The Star Entertainment Group says its long-planned exit from the Destination Brisbane Consortium (DBC) is now unlikely to be completed before the November 30th deadline, with CEO Steve McCann confirming several conditions remain unmet and an extension is being negotiated with joint-venture partners.
“As at today’s date, the conditions precedent to the transaction are unlikely to be met by the original sunset date of 30th November 2025”, McCann told shareholders at the company’s annual general meeting (AGM) on Tuesday.
He said the partners had sought to push back the refinancing deadline for DBC debt to March 31st, 2026, which would prolong The Star’s exposure to a parent-company guarantee.

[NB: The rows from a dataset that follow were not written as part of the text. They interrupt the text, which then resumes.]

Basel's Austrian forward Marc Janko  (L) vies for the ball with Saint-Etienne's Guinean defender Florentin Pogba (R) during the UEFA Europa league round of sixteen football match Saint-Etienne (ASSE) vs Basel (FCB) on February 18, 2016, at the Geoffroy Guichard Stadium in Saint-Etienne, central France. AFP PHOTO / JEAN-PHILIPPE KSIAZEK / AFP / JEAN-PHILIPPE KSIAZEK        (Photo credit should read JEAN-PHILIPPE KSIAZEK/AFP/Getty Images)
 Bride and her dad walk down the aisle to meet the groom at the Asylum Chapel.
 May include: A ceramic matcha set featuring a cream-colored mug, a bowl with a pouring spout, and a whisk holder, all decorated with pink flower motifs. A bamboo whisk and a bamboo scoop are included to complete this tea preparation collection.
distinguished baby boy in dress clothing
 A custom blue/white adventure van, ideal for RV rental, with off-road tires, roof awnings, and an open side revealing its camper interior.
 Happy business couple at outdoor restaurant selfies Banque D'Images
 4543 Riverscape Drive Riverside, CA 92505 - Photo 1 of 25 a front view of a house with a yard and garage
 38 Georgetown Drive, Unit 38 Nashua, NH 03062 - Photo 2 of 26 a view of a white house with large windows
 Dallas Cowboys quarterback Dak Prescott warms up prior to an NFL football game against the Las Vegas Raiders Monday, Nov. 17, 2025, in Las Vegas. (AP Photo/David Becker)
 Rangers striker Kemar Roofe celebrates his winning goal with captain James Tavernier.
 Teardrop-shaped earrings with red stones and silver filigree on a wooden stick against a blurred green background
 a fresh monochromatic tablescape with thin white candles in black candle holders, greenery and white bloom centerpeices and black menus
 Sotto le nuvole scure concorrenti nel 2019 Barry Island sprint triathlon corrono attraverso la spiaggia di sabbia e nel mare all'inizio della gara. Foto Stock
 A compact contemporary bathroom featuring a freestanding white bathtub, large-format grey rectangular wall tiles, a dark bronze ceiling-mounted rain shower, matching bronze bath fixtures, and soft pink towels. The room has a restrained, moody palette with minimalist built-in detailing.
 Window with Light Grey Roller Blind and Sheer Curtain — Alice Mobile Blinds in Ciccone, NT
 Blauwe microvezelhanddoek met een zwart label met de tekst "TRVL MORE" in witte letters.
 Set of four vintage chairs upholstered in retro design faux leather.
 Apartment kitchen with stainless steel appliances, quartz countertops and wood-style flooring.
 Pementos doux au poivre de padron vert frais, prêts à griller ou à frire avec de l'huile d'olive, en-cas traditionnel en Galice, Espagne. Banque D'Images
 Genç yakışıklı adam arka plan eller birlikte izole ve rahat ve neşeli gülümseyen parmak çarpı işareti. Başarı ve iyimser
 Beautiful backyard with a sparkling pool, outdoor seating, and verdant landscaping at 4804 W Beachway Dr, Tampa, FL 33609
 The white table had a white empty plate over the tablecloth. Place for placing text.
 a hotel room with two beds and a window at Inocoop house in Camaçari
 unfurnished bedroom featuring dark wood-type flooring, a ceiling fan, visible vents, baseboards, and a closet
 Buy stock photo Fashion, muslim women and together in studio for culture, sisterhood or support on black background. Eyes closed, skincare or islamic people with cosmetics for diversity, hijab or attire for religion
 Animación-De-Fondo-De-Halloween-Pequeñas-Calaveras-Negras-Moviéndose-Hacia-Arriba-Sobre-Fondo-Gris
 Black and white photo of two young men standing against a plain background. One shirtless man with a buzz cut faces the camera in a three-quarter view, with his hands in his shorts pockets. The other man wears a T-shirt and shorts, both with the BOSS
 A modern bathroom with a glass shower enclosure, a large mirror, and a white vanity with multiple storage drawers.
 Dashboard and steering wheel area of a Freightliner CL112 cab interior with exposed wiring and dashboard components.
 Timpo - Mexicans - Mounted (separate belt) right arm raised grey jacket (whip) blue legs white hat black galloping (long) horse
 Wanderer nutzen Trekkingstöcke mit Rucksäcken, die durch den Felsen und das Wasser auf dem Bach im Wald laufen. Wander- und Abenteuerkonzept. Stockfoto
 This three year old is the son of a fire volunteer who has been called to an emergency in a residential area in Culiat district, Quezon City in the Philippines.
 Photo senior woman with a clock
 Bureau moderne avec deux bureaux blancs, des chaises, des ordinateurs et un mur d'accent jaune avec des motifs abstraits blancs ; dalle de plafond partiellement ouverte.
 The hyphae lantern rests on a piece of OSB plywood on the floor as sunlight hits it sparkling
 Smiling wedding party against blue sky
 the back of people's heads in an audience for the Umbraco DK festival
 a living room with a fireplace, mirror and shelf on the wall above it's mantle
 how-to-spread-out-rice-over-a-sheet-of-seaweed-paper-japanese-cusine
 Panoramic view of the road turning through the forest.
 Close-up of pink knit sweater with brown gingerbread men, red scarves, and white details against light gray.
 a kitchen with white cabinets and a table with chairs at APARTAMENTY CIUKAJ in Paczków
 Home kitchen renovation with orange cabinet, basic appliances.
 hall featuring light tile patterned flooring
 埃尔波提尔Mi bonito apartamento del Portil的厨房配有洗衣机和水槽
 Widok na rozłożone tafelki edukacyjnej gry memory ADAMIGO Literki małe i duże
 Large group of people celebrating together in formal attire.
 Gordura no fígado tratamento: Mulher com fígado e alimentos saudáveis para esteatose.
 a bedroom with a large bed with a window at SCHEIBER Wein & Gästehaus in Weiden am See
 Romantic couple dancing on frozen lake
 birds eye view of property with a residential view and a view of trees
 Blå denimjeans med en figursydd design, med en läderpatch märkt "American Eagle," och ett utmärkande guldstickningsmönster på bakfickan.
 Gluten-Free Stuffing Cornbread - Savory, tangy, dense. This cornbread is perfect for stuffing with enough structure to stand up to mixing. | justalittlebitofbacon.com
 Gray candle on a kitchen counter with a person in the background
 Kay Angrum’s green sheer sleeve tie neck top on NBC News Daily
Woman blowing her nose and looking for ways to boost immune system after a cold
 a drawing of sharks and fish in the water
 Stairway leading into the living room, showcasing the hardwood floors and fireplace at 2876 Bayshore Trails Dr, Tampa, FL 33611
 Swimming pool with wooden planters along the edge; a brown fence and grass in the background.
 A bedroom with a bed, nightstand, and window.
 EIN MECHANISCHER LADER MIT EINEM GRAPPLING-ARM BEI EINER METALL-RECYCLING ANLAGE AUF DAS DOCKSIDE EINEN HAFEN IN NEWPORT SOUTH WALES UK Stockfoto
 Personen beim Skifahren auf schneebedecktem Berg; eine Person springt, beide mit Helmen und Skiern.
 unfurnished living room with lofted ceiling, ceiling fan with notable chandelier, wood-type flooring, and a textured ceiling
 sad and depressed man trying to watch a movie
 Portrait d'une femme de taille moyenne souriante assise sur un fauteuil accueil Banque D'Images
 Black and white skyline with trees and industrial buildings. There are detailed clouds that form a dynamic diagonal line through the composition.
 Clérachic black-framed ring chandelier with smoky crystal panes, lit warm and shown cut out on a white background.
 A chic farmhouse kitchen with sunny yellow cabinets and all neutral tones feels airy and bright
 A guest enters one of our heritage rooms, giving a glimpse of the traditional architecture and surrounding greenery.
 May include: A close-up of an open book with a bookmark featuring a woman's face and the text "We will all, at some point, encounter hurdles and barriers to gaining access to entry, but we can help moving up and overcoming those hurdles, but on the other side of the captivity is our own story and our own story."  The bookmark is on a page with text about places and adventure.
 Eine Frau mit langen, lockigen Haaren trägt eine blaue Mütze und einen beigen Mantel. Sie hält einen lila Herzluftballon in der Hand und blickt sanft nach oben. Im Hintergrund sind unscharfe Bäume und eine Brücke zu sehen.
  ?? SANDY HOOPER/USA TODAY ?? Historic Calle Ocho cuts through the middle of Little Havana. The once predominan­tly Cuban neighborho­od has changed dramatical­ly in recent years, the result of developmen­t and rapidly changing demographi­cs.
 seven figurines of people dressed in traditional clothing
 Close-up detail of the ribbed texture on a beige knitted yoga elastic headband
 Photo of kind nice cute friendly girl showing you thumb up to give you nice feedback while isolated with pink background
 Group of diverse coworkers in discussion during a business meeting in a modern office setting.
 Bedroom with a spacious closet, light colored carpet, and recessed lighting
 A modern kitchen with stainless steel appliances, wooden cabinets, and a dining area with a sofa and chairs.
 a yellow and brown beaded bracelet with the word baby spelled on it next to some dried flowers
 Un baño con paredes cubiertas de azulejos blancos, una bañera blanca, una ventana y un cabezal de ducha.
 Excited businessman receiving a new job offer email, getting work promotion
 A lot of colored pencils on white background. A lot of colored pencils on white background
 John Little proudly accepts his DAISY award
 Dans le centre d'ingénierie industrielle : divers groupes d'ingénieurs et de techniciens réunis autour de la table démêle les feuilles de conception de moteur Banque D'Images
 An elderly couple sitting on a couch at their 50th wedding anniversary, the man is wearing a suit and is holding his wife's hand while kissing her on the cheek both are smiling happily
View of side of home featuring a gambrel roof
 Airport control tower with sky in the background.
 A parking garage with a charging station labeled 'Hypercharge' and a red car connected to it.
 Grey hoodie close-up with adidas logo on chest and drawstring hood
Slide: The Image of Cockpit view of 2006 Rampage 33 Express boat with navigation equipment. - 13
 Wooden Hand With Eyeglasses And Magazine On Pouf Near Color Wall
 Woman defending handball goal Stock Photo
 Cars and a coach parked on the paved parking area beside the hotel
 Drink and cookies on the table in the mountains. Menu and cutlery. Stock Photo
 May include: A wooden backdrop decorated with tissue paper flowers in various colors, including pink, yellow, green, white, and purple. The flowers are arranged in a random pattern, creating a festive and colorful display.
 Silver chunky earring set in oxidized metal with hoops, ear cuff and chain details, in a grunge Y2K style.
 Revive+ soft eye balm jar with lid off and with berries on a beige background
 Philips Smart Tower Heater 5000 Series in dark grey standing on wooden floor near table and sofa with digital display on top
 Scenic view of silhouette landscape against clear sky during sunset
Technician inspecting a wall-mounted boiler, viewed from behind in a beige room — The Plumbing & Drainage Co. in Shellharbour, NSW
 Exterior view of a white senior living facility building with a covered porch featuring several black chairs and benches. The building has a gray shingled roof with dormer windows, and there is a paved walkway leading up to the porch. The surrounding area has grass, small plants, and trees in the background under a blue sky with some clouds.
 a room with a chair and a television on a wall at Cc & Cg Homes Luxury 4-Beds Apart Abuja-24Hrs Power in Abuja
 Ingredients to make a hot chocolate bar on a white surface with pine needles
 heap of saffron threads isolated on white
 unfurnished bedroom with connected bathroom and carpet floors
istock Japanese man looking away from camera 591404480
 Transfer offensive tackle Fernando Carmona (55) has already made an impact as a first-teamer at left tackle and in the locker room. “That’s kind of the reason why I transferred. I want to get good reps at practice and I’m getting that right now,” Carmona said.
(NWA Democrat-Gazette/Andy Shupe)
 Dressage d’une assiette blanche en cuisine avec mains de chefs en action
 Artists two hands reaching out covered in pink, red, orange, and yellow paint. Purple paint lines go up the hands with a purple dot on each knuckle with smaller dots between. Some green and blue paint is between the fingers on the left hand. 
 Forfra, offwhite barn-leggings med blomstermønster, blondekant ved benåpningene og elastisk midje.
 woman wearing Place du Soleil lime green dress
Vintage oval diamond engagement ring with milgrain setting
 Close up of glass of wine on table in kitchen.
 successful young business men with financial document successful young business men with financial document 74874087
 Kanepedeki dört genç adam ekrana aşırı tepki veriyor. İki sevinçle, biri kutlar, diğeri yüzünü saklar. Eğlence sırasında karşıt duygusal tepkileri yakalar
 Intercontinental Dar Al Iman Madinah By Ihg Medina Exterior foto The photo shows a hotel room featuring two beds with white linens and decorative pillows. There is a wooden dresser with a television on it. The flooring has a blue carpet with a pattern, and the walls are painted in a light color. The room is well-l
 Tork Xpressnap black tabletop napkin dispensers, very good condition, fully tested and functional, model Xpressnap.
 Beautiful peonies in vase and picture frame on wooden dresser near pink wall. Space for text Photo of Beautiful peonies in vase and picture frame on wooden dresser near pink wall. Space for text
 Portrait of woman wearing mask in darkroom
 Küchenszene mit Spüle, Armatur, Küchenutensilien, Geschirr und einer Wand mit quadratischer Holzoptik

Despite the setback, McCann said the parties remained aligned: “We believe that both The Star and our joint venture partners remain committed to completing the transaction in a timely manner.”
Liquidity pressure and a precarious financial position
The delayed DBC completion comes as The Star continues to operate under severe liquidity constraints. McCann was blunt about the risk environment: “There still remains material uncertainty regarding the Group’s ability to continue as a going concern.”
While the business has taken steps to access additional liquidity — including a AU$300 million ($193.5 million) strategic investment from Bally’s Corporation and Investment Holdings and the sale of non-core assets — the CEO emphasized that the company is still navigating “a precarious financial position”.

The group must also secure further covenant waivers or refinance its senior debt facility before the end of December. “Unless further waivers […] are agreed […] the Group will need to execute a refinancing […] to avoid a default”, McCann said.
The CEO reiterated that rebuilding trust with regulators and regaining casino license suitability remained central to any turnaround.
Delivering on the remediation plan — of which 403 of 578 milestones have been completed — is crucial. “The reinstatement of our casino licenses is critical to improving our performance, attracting and retaining the best people and ensuring ongoing access to capital,” he said.
Progress has been steady but regulators have extended oversight arrangements through 2026. McCann acknowledged the pressure: “The road ahead remains very challenging with many critical milestones yet to be achieved.”
Operating performance still weak but showing early signs of stabilization
The Star’s operational metrics remain heavily depressed. Gaming revenue has been hit particularly hard by regulatory reforms and enhanced compliance systems.
Between FY23 and FY25, revenue fell 30 percent at The Star Sydney and 19 percent at The Star Gold Coast. McCann said earnings deterioration was compounded by remediation spending: “We have incurred significant costs in relation to our remediation program, which has contributed to a combined decline in EBITDA […] of AU$260 million ($167.7 million) over the FY23 to FY25 period.”
However, he pointed to encouraging early signs in FY26, with a 5 percent quarter-on-quarter revenue improvement and a narrowing EBITDA loss. “Sydney performance has stabilized, albeit at depressed levels,” he said, while the Gold Coast showed “early signs of improvement.”
The annual general meeting marked a wider transition for the group, with the conversion of Bally’s and Investment Holdings’ notes set to hand them a combined 61 percent stake and reshape the board.
McCann welcomed the changes: “I look forward to working with [the new directors] in further advancing the turnaround of The Star.”
Despite the extended timeline on major transactions, he sought to reassure stakeholders that management had a clear path forward: “We have a plan, the execution of which requires continued discipline and focus.”